Fake news e post-verità
E finalmente siamo arrivati al testo dolente. Anche il rapporto del Censis analizza il tema (spinoso) delle bufale online. “Gli italiani che leggono regolarmente i quotidiani a stampa per informarsi durante la settimana si sono ridotti al 14,2% nel 2017 (e ad appena il 5,6% tra i giovani). Al contrario – si legge – i social network hanno registrato una forte espansione anche come fonti di informazione: Facebook è utilizzato dal 35% degli italiani (e la percentuale sale al 48,8% tra i giovani). In effetti, nel giro di quindici anni le copie di quotidiani vendute giornalmente sono passate da quasi 6 milioni, nel 2000, a meno di 3 milioni, nel 2016, con una perdita di oltre il 50%. Ma i tg restano ancora il mezzo d’informazione più utilizzato dagli italiani (60,6%). Poi ci sono i motori di ricerca su internet, come Google, che vengono utilizzati dal 21,8% della popolazione per informarsi, e YouTube (12,6%).
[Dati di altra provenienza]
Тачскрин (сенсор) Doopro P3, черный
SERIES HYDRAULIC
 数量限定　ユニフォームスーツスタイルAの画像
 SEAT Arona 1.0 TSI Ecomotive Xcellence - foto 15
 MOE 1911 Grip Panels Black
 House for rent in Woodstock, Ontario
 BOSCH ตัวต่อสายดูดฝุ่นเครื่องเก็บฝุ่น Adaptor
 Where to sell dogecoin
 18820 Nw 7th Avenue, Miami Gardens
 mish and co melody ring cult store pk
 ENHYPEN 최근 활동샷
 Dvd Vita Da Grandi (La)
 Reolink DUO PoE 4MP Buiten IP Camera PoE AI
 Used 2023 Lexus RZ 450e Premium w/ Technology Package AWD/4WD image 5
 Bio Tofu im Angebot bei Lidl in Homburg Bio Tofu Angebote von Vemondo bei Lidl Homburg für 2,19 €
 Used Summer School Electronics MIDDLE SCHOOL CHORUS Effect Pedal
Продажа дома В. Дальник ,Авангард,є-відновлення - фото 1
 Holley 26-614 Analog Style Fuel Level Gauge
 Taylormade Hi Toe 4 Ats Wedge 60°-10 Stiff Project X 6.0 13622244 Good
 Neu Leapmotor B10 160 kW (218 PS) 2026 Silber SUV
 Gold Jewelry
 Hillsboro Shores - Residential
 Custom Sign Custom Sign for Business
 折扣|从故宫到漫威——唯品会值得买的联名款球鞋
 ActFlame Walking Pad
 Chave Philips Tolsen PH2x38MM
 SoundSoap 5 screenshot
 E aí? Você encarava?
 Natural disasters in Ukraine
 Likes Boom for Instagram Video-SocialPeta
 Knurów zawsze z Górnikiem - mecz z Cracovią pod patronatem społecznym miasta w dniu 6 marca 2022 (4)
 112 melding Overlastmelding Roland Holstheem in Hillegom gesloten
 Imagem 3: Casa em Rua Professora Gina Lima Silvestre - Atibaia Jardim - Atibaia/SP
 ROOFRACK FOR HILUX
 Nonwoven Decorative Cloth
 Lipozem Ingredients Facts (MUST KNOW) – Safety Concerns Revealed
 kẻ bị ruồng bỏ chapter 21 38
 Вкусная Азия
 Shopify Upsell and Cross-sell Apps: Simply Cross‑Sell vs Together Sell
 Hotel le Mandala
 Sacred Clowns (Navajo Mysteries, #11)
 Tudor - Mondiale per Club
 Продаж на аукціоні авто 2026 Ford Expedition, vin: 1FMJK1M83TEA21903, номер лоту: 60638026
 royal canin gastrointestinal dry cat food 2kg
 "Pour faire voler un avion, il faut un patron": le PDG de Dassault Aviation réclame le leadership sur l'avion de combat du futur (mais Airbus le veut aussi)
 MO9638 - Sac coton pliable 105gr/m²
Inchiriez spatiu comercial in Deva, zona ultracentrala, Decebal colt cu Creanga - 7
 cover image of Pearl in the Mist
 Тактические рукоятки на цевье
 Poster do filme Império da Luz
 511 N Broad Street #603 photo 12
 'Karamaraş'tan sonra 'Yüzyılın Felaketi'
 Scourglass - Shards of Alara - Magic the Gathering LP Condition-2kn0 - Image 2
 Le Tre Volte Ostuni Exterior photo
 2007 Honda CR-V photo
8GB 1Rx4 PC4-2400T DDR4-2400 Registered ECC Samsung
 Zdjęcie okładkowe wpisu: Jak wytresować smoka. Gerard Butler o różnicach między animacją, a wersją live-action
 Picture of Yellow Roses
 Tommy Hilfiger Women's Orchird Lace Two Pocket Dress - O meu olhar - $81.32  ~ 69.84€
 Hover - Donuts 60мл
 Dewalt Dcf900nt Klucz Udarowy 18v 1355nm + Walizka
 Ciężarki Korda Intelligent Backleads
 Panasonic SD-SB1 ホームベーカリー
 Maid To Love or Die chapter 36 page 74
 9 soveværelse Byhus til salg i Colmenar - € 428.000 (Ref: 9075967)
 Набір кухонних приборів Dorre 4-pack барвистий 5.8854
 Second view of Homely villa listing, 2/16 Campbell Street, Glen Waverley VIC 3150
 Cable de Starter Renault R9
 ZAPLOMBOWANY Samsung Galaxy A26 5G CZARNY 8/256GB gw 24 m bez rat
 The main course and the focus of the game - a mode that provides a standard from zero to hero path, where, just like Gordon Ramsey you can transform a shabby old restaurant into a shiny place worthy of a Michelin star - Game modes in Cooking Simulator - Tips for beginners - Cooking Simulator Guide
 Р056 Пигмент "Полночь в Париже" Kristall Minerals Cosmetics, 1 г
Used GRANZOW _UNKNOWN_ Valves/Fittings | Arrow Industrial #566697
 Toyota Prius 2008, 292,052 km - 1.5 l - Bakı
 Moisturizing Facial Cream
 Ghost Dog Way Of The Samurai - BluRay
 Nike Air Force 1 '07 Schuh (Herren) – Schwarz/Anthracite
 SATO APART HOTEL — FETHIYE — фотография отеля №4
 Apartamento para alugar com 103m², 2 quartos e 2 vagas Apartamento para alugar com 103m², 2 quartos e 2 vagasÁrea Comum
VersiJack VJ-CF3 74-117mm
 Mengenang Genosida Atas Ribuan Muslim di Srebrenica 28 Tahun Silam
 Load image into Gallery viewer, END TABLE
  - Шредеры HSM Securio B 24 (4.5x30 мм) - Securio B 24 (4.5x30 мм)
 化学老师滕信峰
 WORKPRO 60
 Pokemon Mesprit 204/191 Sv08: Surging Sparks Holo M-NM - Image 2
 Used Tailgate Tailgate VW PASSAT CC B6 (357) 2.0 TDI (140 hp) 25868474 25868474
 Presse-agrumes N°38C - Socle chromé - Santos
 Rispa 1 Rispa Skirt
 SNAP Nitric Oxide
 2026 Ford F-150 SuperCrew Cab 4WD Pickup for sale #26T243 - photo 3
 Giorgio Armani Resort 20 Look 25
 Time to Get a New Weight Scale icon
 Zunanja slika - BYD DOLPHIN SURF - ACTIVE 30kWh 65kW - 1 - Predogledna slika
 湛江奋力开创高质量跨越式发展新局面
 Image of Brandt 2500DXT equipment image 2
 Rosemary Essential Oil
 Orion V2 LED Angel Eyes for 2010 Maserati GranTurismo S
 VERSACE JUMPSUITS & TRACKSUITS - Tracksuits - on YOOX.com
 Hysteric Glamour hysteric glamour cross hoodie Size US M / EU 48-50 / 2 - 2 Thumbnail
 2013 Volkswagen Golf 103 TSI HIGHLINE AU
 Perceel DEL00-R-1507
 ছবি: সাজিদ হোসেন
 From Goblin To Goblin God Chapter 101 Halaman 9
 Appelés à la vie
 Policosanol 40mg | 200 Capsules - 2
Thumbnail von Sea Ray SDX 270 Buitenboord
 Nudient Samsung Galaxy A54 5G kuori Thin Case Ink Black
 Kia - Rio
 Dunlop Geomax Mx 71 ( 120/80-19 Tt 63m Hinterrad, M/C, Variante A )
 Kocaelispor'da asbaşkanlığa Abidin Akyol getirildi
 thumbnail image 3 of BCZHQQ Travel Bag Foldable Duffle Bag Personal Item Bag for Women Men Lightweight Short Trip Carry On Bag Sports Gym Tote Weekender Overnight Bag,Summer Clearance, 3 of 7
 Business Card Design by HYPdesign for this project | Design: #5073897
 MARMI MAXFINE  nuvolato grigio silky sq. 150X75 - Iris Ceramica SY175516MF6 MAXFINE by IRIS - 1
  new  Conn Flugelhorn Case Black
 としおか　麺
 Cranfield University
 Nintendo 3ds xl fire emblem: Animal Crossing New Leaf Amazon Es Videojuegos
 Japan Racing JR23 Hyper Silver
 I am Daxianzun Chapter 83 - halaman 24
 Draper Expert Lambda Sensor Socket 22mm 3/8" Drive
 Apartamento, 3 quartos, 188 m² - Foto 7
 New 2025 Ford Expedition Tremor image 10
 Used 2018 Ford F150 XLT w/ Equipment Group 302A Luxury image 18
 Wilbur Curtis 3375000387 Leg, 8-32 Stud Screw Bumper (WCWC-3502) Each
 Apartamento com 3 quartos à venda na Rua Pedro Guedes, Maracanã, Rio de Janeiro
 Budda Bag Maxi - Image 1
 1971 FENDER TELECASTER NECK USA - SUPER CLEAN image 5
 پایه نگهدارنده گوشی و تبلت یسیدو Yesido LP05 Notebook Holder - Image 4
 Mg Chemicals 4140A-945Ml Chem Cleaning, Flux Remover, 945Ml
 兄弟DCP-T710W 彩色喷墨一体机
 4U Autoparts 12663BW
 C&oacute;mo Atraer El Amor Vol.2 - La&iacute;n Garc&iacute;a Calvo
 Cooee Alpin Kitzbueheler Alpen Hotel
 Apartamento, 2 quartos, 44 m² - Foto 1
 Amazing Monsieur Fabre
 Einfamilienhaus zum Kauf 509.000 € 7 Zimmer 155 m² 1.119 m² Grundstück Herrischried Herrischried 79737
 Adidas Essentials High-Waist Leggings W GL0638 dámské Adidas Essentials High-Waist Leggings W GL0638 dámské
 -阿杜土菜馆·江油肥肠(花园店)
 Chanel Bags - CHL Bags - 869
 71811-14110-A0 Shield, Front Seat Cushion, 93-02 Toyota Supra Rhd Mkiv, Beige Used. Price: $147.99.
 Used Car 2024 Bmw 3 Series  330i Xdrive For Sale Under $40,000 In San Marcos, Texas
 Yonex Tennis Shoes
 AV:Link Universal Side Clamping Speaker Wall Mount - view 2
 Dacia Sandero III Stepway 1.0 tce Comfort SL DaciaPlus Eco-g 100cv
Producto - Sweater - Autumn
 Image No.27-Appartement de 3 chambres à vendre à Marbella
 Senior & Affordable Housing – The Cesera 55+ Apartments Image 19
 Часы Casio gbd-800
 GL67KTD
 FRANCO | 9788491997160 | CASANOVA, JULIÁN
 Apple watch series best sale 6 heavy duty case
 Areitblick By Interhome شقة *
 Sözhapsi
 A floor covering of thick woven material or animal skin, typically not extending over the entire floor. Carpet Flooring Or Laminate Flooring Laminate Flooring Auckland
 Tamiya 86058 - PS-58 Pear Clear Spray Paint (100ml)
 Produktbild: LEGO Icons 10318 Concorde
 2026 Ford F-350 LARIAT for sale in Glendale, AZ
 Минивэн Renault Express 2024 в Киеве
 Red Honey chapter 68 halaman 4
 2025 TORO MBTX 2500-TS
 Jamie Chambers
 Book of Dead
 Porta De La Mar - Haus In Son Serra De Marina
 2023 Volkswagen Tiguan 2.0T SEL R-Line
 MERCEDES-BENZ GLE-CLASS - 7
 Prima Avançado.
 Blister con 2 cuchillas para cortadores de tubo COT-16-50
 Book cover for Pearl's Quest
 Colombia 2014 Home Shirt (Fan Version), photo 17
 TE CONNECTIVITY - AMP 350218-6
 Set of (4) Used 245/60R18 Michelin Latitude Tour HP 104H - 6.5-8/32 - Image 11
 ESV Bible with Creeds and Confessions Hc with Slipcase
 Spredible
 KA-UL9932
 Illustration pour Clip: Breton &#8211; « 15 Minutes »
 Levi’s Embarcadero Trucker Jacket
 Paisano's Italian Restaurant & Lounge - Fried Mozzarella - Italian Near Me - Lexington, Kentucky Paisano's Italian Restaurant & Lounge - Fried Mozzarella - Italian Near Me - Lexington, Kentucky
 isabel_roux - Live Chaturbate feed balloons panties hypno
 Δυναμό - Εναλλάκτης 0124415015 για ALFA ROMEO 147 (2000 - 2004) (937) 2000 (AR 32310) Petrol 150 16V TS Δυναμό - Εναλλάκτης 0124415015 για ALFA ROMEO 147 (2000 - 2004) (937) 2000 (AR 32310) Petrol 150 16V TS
A più della metà degli utenti di internet italiani è capitato di dare credito a notizie false circolate in rete (spesso al 7,4%, qualche volta al 45,3%, per un totale pari al 52,7%). La percentuale scende di poco, anche se rimane sempre al di sopra della metà, per le persone più istruite (51,9%), ma sale fino al 58,8% tra i più giovani, che dichiarano di crederci spesso nel 12,3% dei casi. Per tre quarti degli italiani (77,8%) quello delle fake news è un fenomeno pericoloso. Soprattutto le persone più istruite ritengono che le bugie sul web vengono create ad arte per inquinare il dibattito pubblico (74,1%) e che favoriscono il populismo (69,4%)”.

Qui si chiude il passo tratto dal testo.